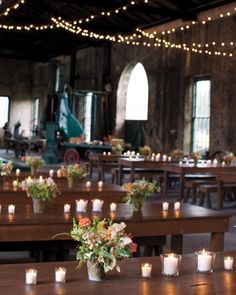 the tables are set with candles and flowers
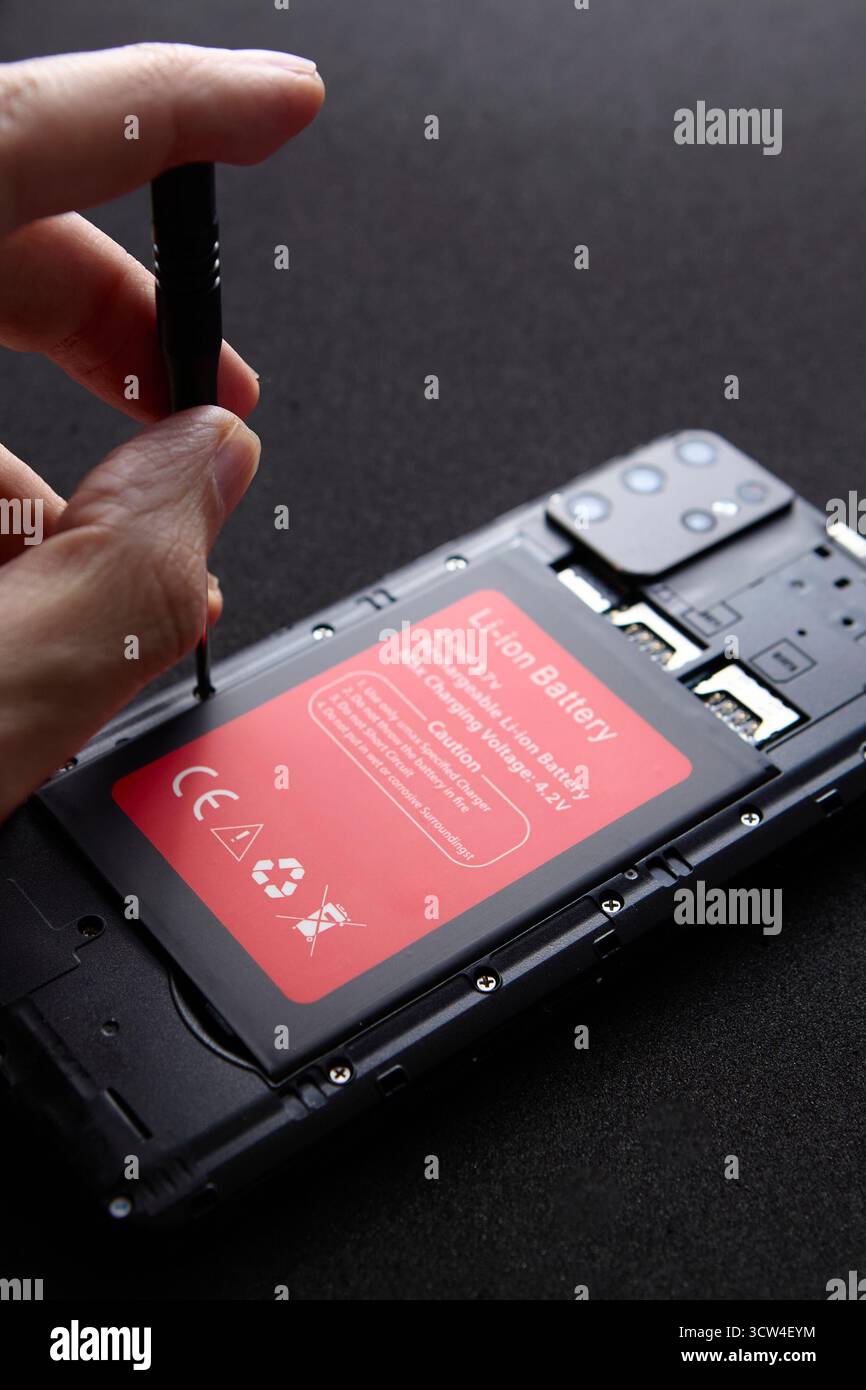 Primo piano delle mani del tecnico utilizzando un cacciavite per aprire lo smartphone per la sostituzione della batteria. L'immagine mostra il concetto di assistenza tecnica e riparazione p Foto Stock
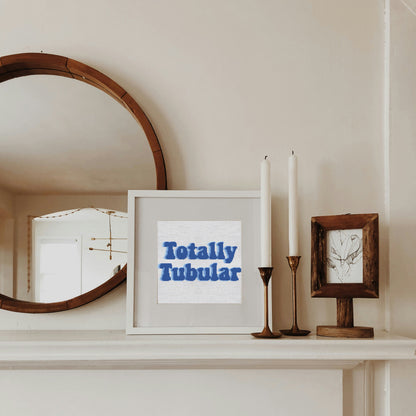 Framed picture with 'Totally Tubular' text on a shelf with a mirror and candles.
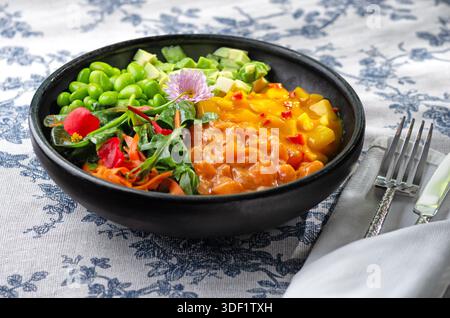 Köstliche Lachs- und Avocado-Poke-Schüssel garniert mit Sesamsamen und Algen, stilisierte Lebensmittelfotografie, lebendige Farbkomposition. Stockfoto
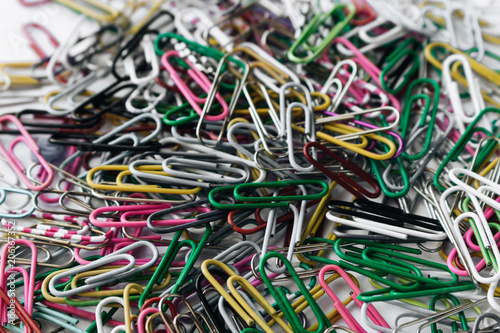 Pile of colorful paper clips on white background  flat lay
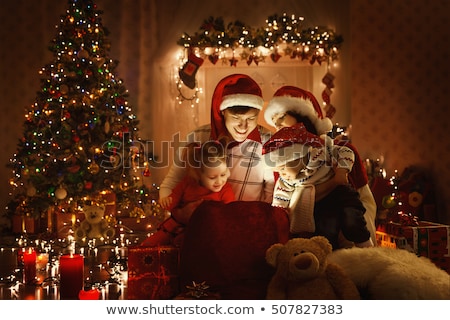 Stockfoto: Happy Family With Christmas Present At Home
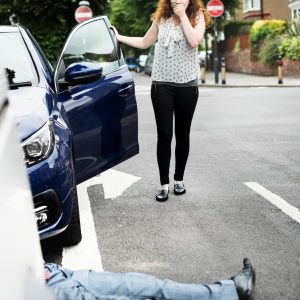 person-lying-on-the-ground-after-a-car-accident-2023-11-27-05-32-04-utc (1)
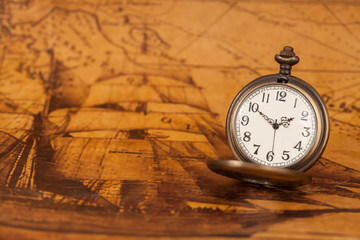 Pocket watch on old map background, vintage style light and tone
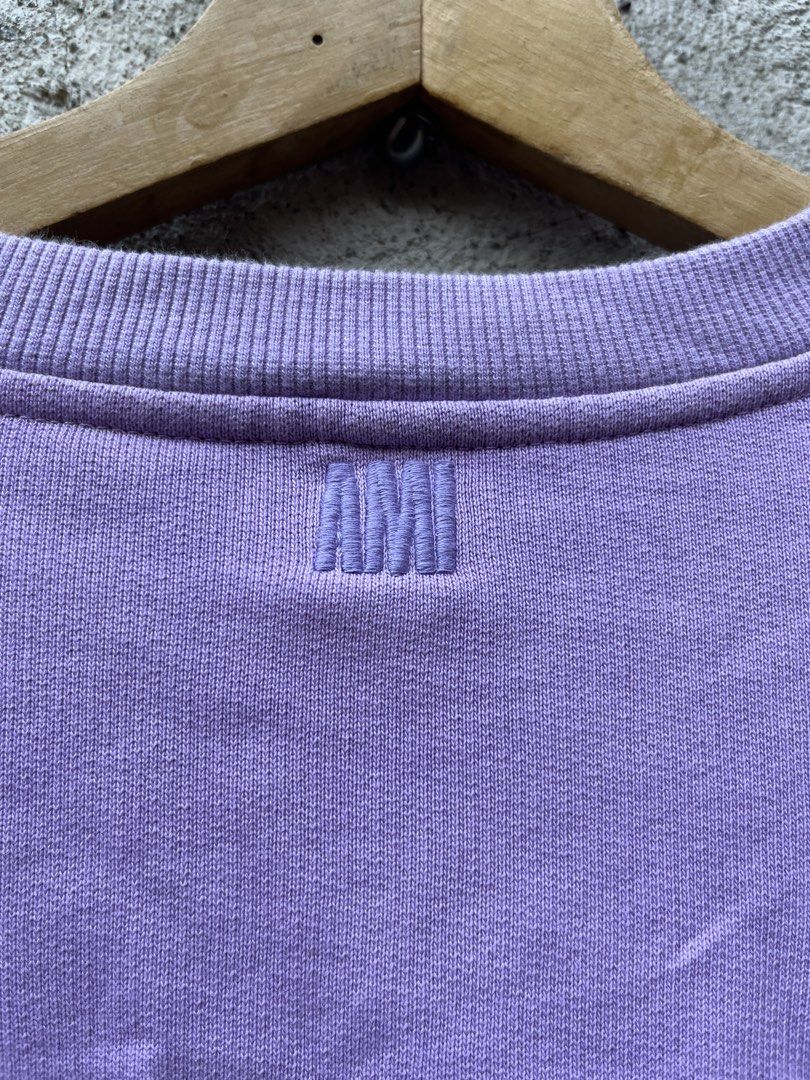 AMI Paris Purple Sweatshirt (Category: Coats, Jackets and Outerwear) located in Claveria. Submitted by jhonbernar74435 (Listing ID 1469088353, Image 2). Description: Purple sweatshirt from AMI Paris. Size medium. Iconic heart and letter logo patch embroidered on the chest. Embroidered lettering right below the back collar. Ribbed cuffs, hem, and crewneck. Organic cotton material. Soft fleece lining inside. Standard fit through the body. Clean fab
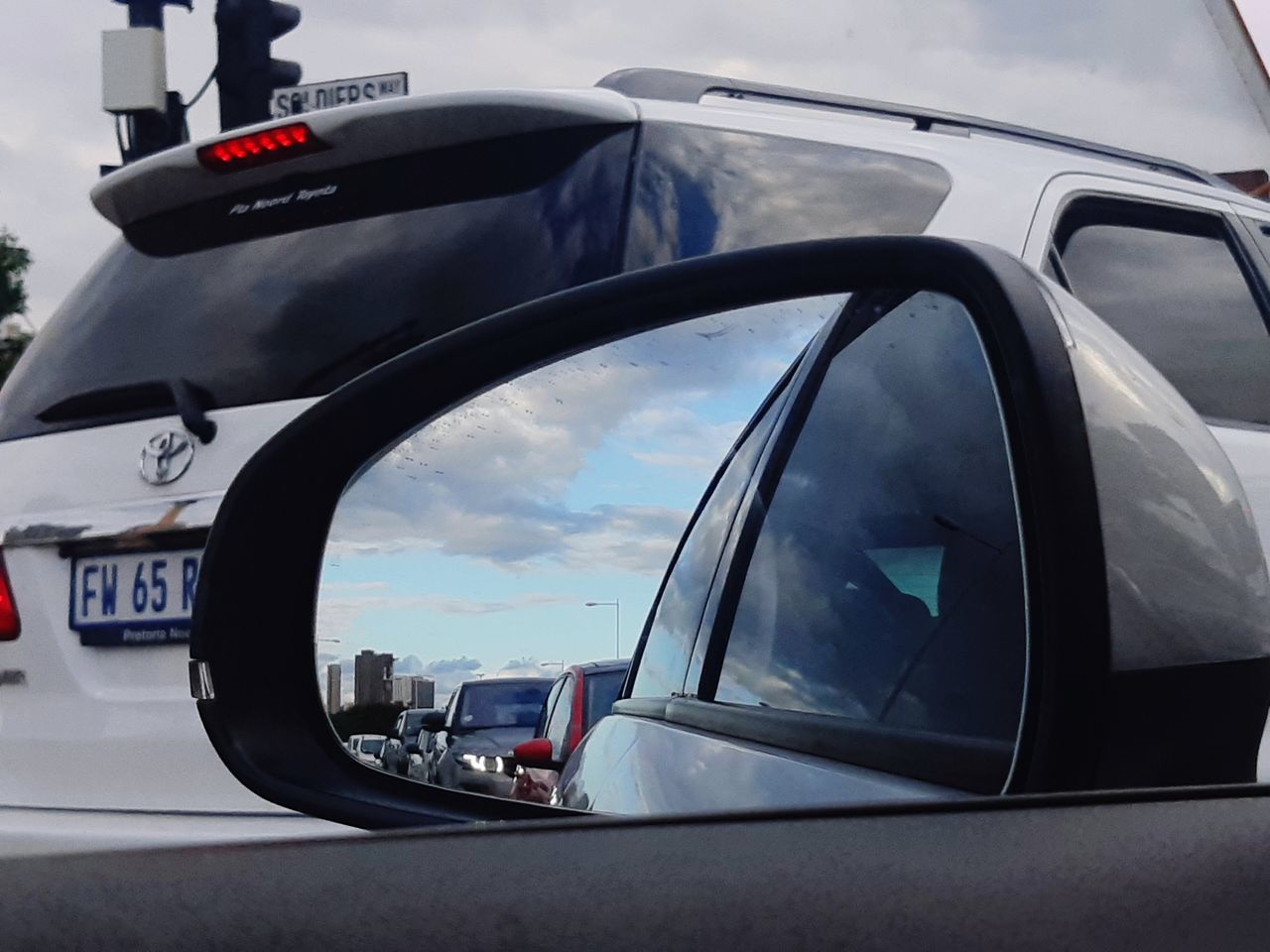CLOSE-UP OF SIDE-VIEW MIRROR OF CAR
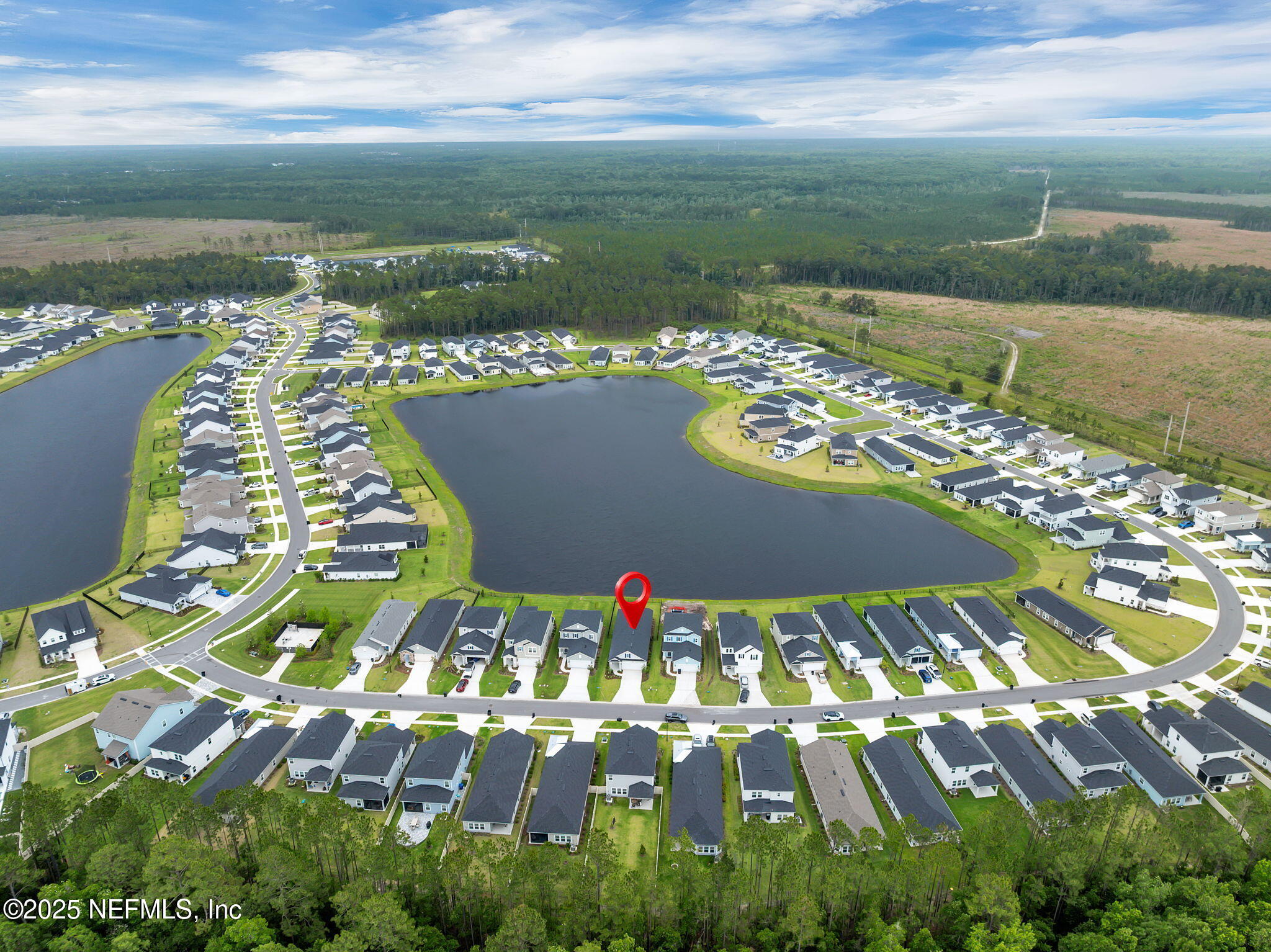 87 Whirlwind Place St. Augustine, FL 32095 - Photo 2 of 44 an aerial view of a house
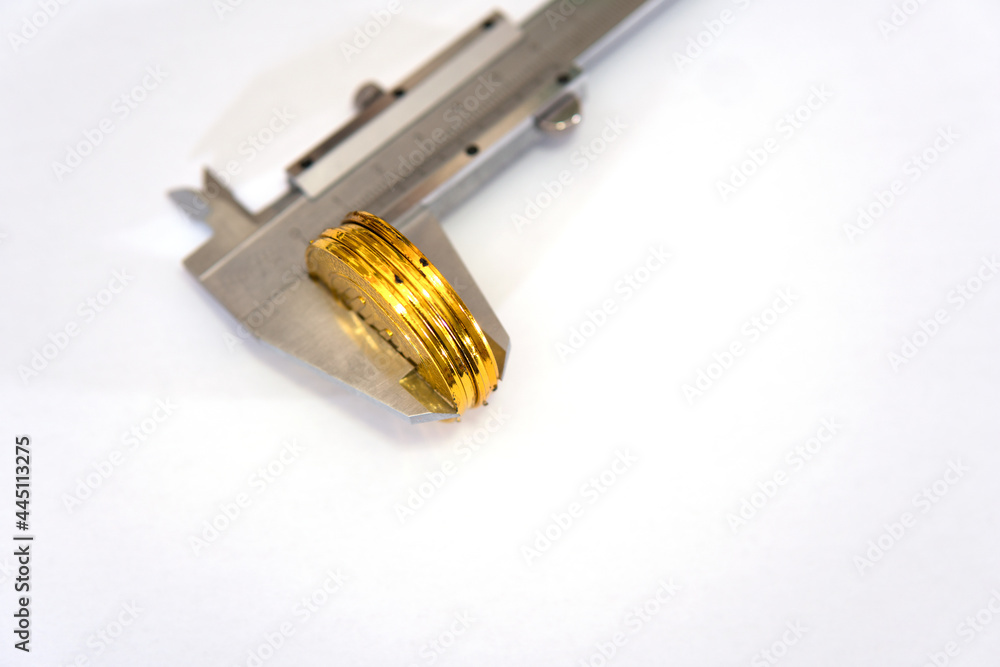Tool to measure the thickness of a stack of gold coins Tool to measure the thickness of a stack of gold coins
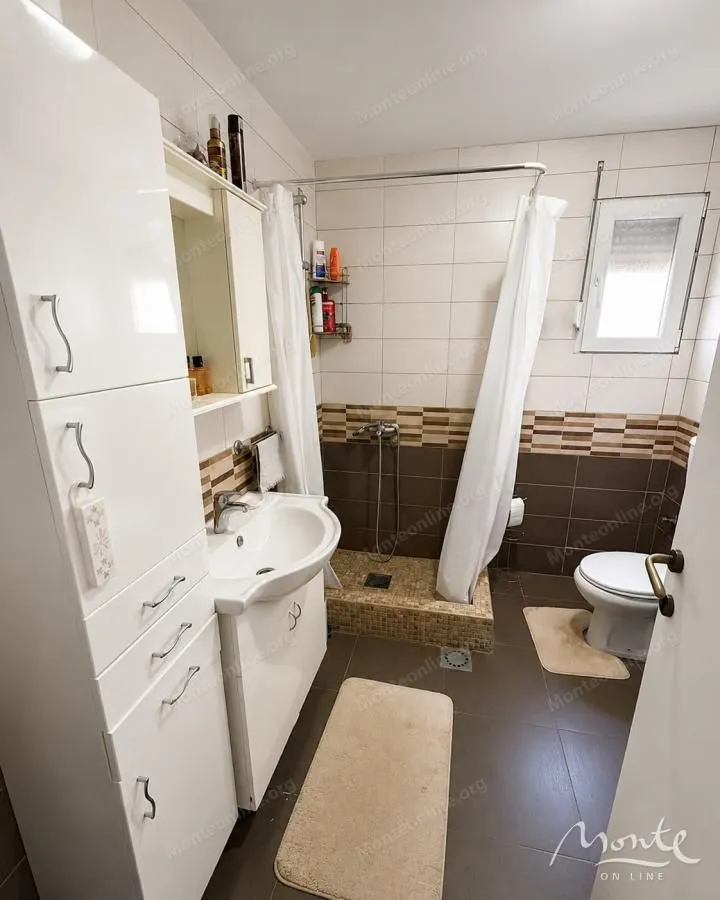 Kupatilo opremljeno umivaonikom, tuš kabinom, WC šoljom i bijelim ormarićem.
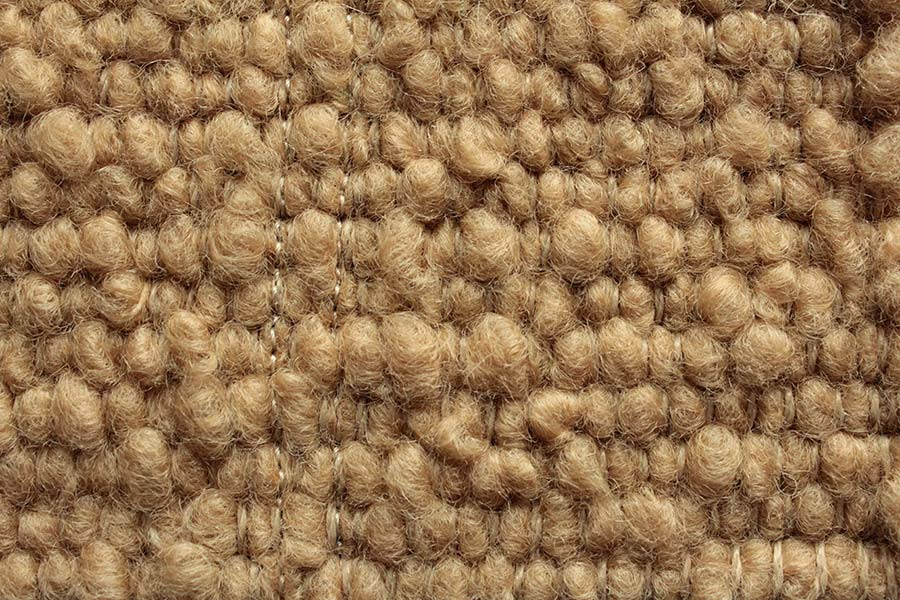 Eine Nahaufnahme eines braunen Teppichs mit Strickmuster.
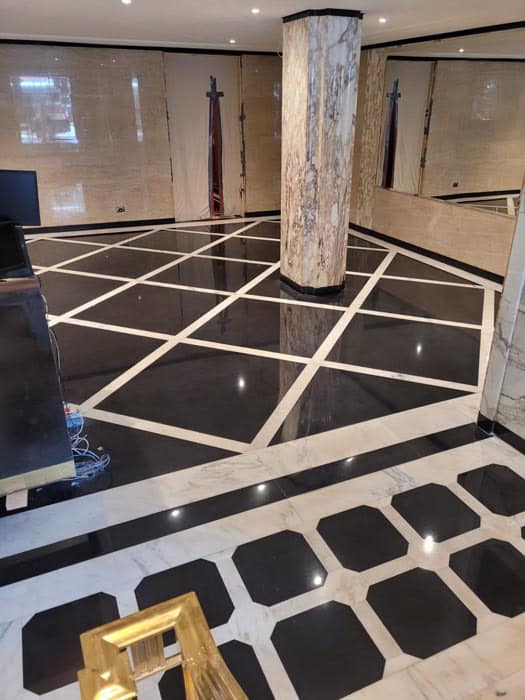 Luxurious interior with black and white marble tile flooring featuring a geometric pattern. A marble column stands in the center, surrounded by mirrored walls, reminiscent of expert stone restoration from Manhattan, NY. A partially visible desk and some cables are in the foreground.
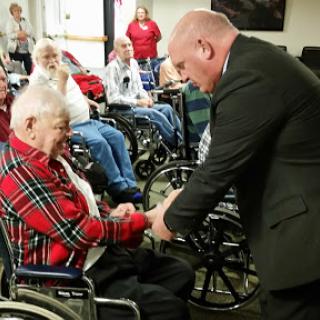 A meaningful interaction between a caregiver and an elderly resident during a community event.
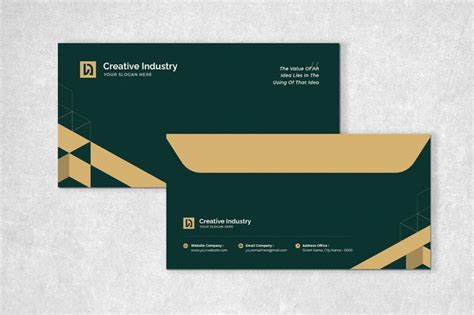 two green and gold business cards sitting on top of a white surface ...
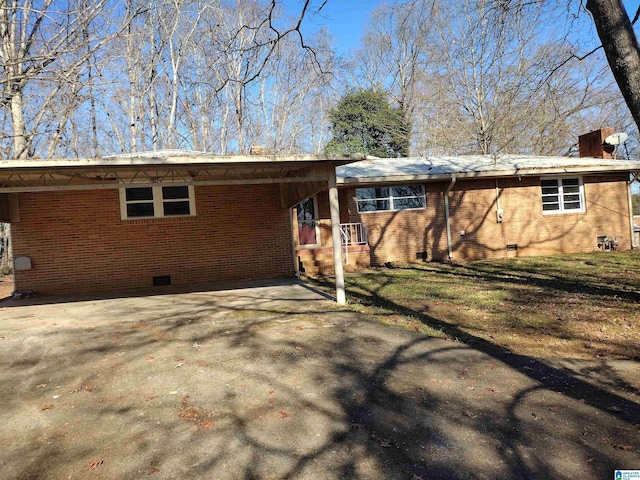 rear view of property featuring a carport and a lawn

- _PROBLEM TO SOLVE_:
Write out, word for word, the lines from the first line of the entries through the one containing "Framed picture with", both included. Leave out the pictures.

- _WRITTEN RESPONSE_:
 the tables are set with candles and flowers
 Primo piano delle mani del tecnico utilizzando un cacciavite per aprire lo smartphone per la sostituzione della batteria. L'immagine mostra il concetto di assistenza tecnica e riparazione p Foto Stock
 Framed picture with 'Totally Tubular' text on a shelf with a mirror and candles.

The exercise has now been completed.